The cryptocurrency market has experienced the largest correction in recent years, significantly impacting open interest in Bitcoin. According to analytical data, this figure decreased from $47 billion to $35 billion over the past week, marking one of the largest declines in recent times. Experts believe that the effects of this correction may influence market dynamics for several months to come.
This is reported by Finway
The Market Reacts to Mass Liquidation
Analysts estimate that such a rapid decline in open interest indicates a large-scale exit of traders from positions opened with leverage. During the market capitulation on the night of October 11, funding, or the funding rate, briefly turned negative but later recovered to moderately positive values. This reflects a partial return of optimism among market participants.
“Capital can be restored, but only if discipline comes first.”

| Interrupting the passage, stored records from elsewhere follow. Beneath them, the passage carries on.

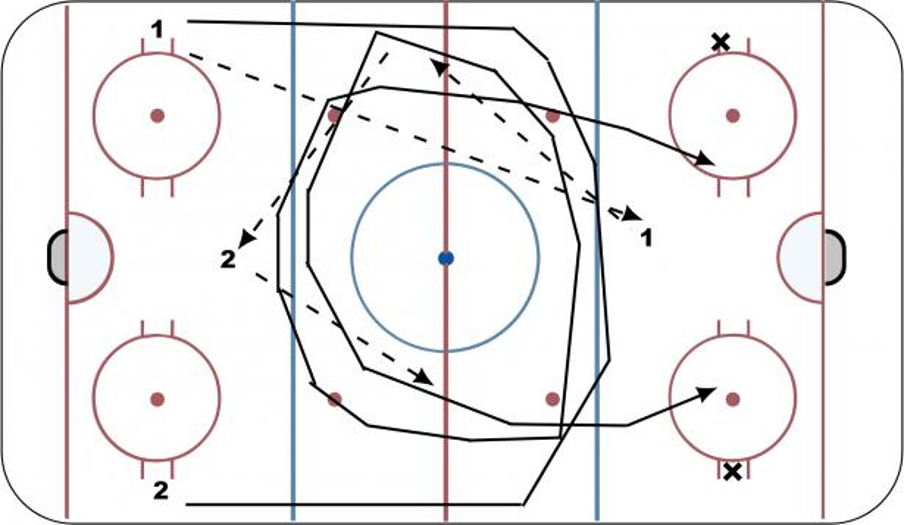 Double Regroup Hockey Drill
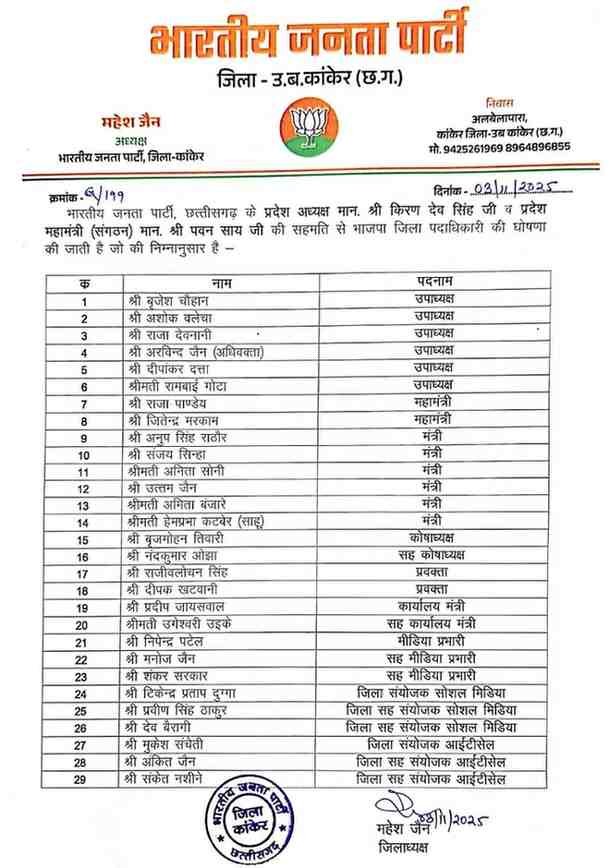 BJP District Officer Kanker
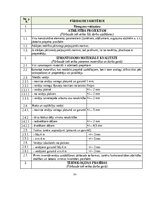 Paraugs 'Darbu apraksti, kvalitātes kontroles shēmas', 22.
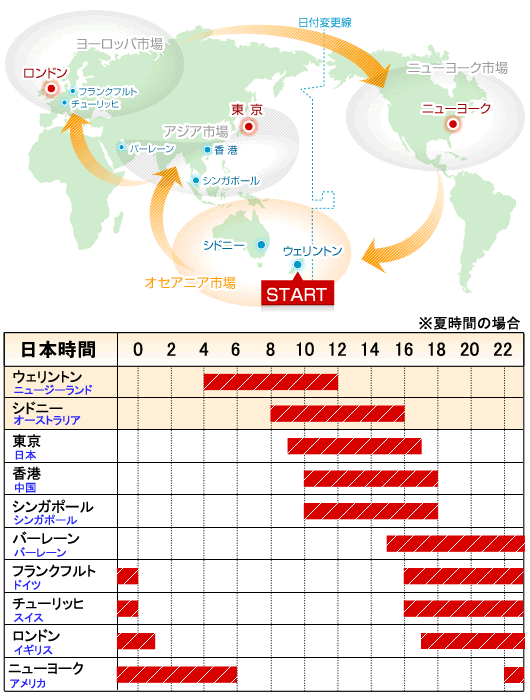 オセアニア市場の地図と開閉場時間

Signals for Further Recovery
Experts also note a sharp decline in the Leverage Ratio (ELR), which shows the average level of leverage usage relative to exchange reserves. The ELR has fallen to its lowest levels since 2022, indicating a reduction in risky positions in the derivatives market.
Another important indicator has been the significant decrease in the SSR (Stablecoin Supply Ratio), which compares Bitcoin’s market capitalization to the total market capitalization of all stablecoins. The drop in this metric to its lowest point since April, according to specialists, may indicate an increase in purchasing power in the market.
Coin360 also confirmed that funding has dropped to levels recorded during the 2022 market crisis. Analysts emphasize that such a large-scale market correction often precedes further long-term growth periods, although it is accompanied by increased volatility in the short term.